Wrapping my arms back around him, I point to the cottage.
“ Flower—”
“ It is midsummer, there are many fae.”
Warningly, he says, “ Flower —”
“ Aidyn, you cannot die in my arms , do you understand?”
“ I’m not dying —” he begins to mumble.
“ Are you saying that because it’s true or just because you’ve managed to convince yourself no matter the truth?”
This appears to considerably flummox him but makes it easier to help him in the direction I wish.
Barely anyone walks the paths of the village when there is so much dancing and wine to be had, and anyone in their homes is likely to have succumbed to too much liquor early.
Aidyn is trying his hardest not to make me help him, but he’s in no position.
I’m not sure he should’ve been here dancing to begin with, let alone this .
Don’t cry, Niamh. It’s not going to help.
I pound on the wooden door and momentarily consider what I will do if no one answers—
And then I am staring into Emma’s eyes.
She blinks slowly, once, looking at my stricken expression, then at Aidyn right above me.
Whatever magic that has the few people in the streets unable to truly see him either appears to have no effect on her or Aidyn is allowing it.
She can see him, if the barrage of emotions crashing over her expression is any indication.
“ Oh, Blessed help us,” she mumbles.
I’ve no time to consider the oddity of the phrase before she’s grabbing me by the arm and dragging us inside with a great deal of strength. Aidyn, less graceful than usual, nearly smacks his head on the doorframe.
“ Who are you?” Emma asks, taking Aidyn by the arms and seating him on her padded couch by the cold hearth. Her boldness unsettles me. “ Are you Gentry or—”

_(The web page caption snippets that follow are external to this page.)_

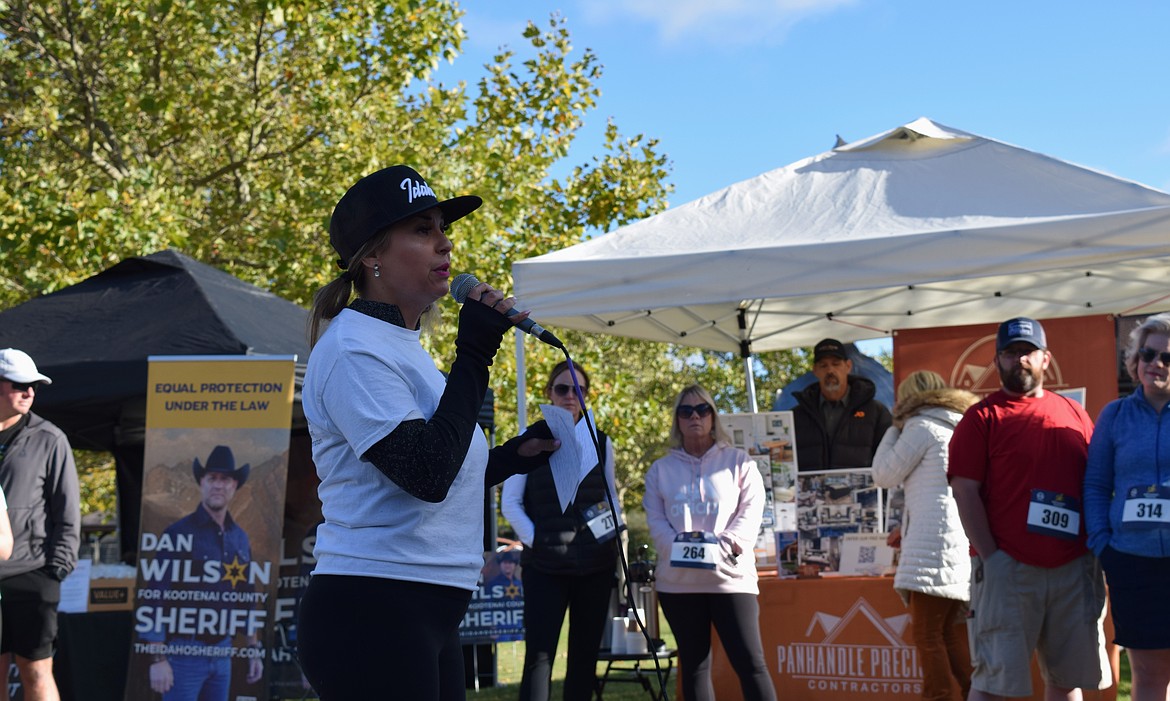 Safe Harbor founder and president Angie Sedore speaks to the runners ahead of Saturday's Freedom 5K run.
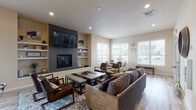 Located at 802 South Garfield Road in Airway Heights, Washington, this single-story community amenity space is thoughtfully designed to offer residents a variety of shared gathering and recreational areas. The welcoming lounge area features warm neutral tones, light wood-style flooring, comfortable seating, and a small kitchenette with white cabinetry — ideal for casual socializing. A pass-through window connects this space to a reception or office area, adding a practical and open feel. Adjacent to the lounge, a bright dining nook is bathed in natural light from large windows fitted with white blinds, offering views of the surrounding neighborhood and space for small group gatherings. A spacious common room serves as the centerpiece of the facility, anchored by a sleek dark tile fireplace wall with built-in shelving and a wall-mounted TV. Comfortable furnishings and ample natural light from multiple windows create an inviting atmosphere. The well-equipped fitness center features rubber flooring, vaulted ceilings, cardio machines, a cable machine, stationary bike, weight bench, and a wall-mounted TV. A private cinema room rounds out the amenities, complete with a large sectional sofa, elevated bar-style seating, surround sound, and classic movie-themed décor. The full kitchen, with stainless steel appliances, white cabinetry, and track lighting, supports larger events and gatherings.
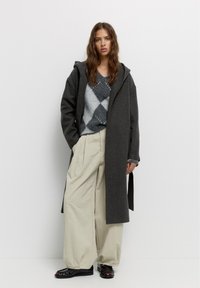 Grijze wollen jas met capuchon over een gestreept grijs-wit sweater, gecombineerd met losse beige broek en zwarte schoenen, staand tegen een effen achtergrond.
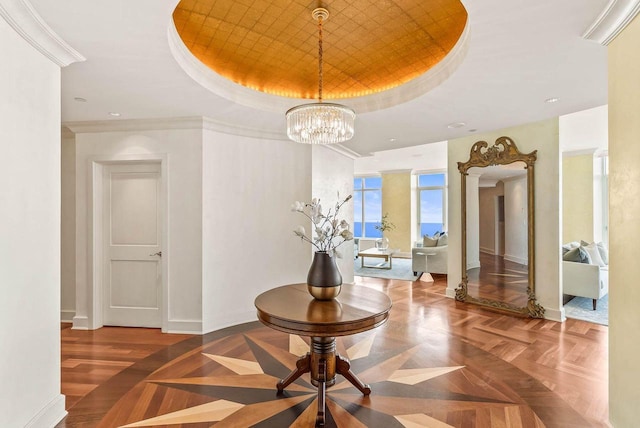 corridor with a notable chandelier, a raised ceiling, and dark parquet floors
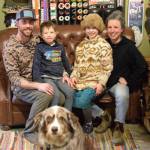 Owners Dahkota Larson and Kait Skundrich sit in a corner of the shop on Friday, March 28, 2025. (Chloe Pleznac/Homer News)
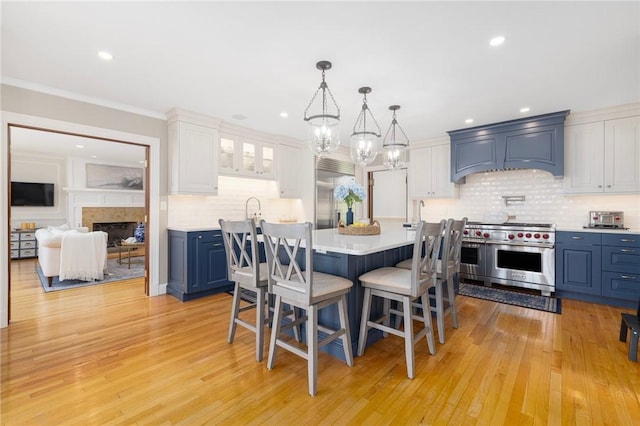 dining area featuring light wood-type flooring, a fireplace, a chandelier, and recessed lighting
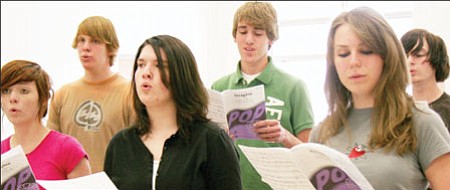 Members of the Bradshaw Mountain High School Chamber Choir practice Tuesday morning for their upcoming concert performances. From left are Sharayah Krauser, Chris Galinski, Katie Spears, Paul Wiser, Miranda Palmarozza, and Andrew Swick.<br>                          TribPhoto/Sue Tone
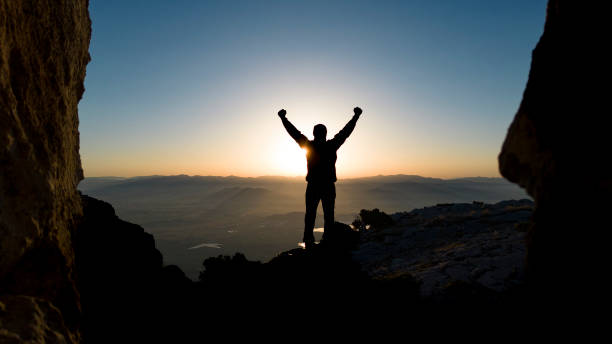 istock Scaling Heights, Igniting Delight: Chronicles of Success on the Summit 1616008024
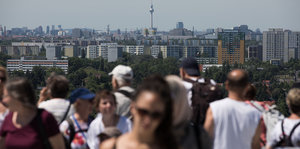 Menschen gucken auf den in der Ferne stehenden Fernsehturm am Alexanderplatz.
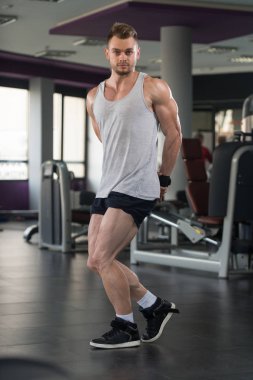 Genç vücut geliştirmeci fanila içinde kasların esneme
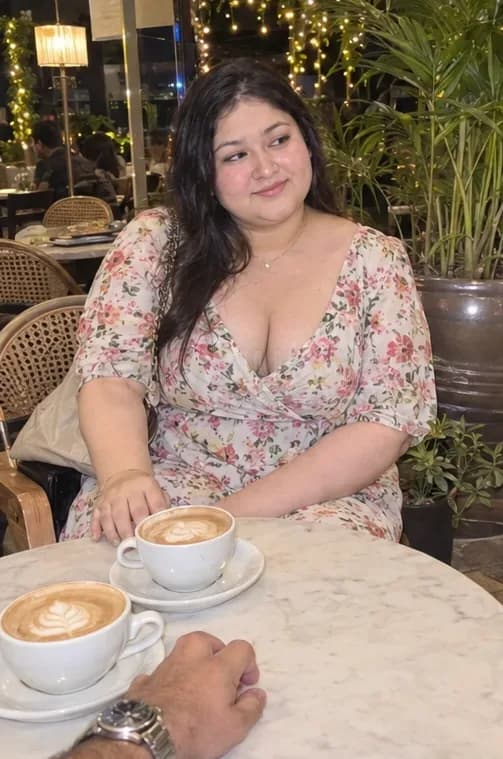 Dating girl in a floral dress on a coffee date at a Bandra cafe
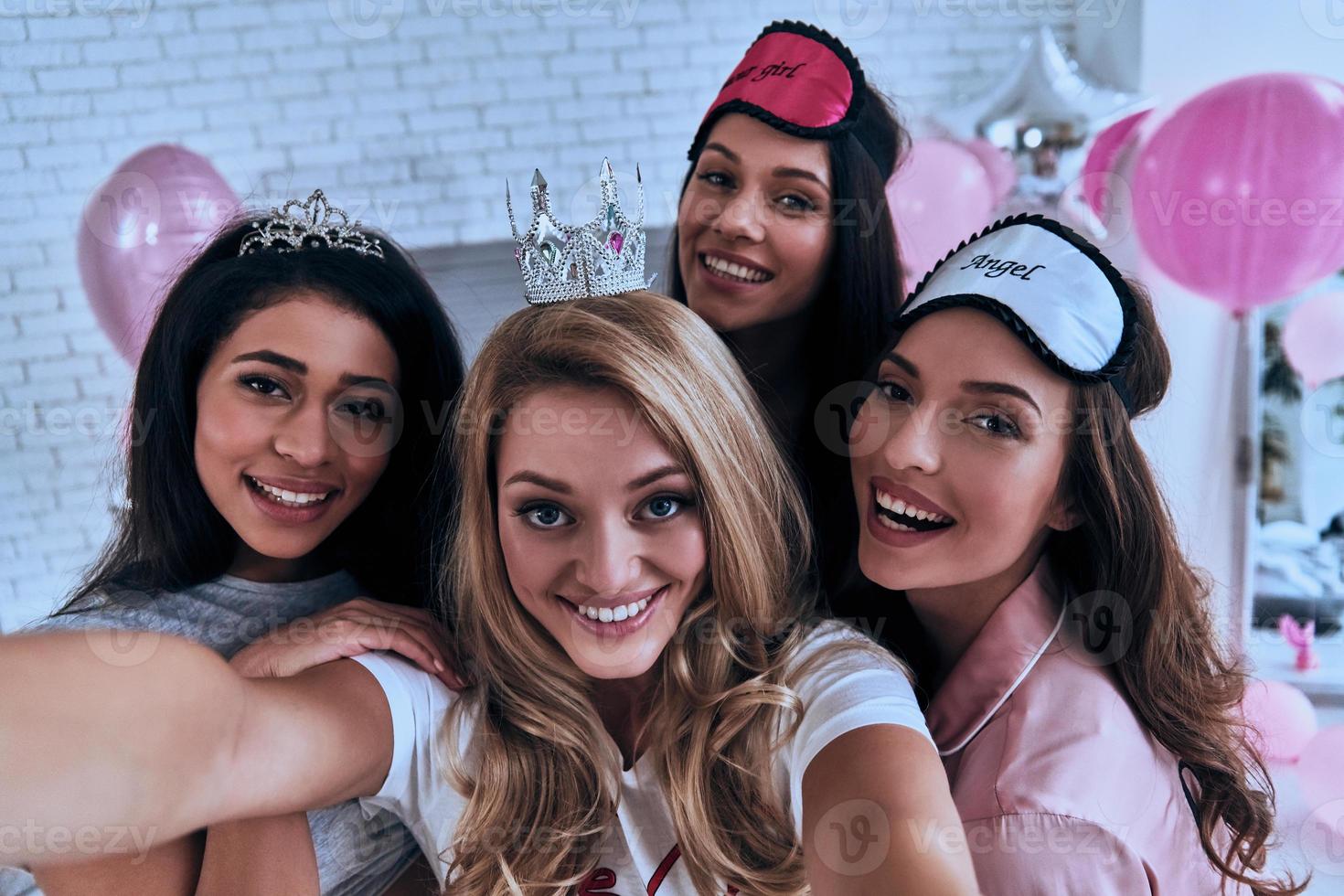 This one goes in frame. Self portrait of four playful young women smiling and looking at camera while having a slumber party photo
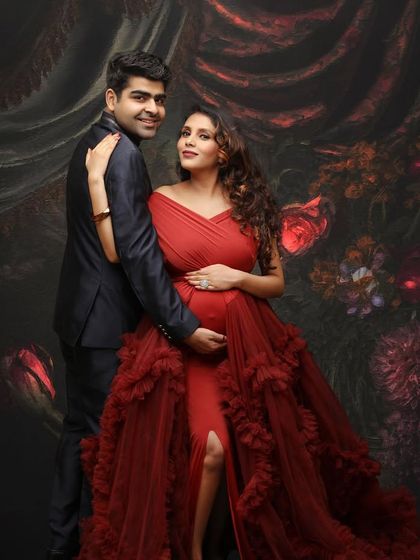 A moment of happiness and excitement. This couple portrait in a beautiful red gown against a painterly backdrop is full of romance and anticipation.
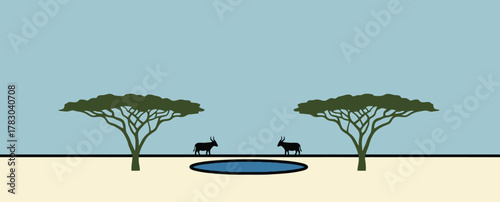 Wildlife at watering hole in African savanna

“ I am Gentry, yes,” Aidyn says, unsurprised by the sudden intensity. He is gazing up at Emma’s face with a passing of that curiosity I’ve seen from him so often, even as he leans back, weak. “ I shall not harm you, elder one. I am too gentle for my kind.”
This seems to pacify her, if slightly. Instead, Emma turns her sharp gaze in my direction. “ I figured you’d met some faerie. This is more than I was bargaining for, Ni—girl.”
Aidyn doesn’t so much as quirk an eyebrow at the first sound of my name.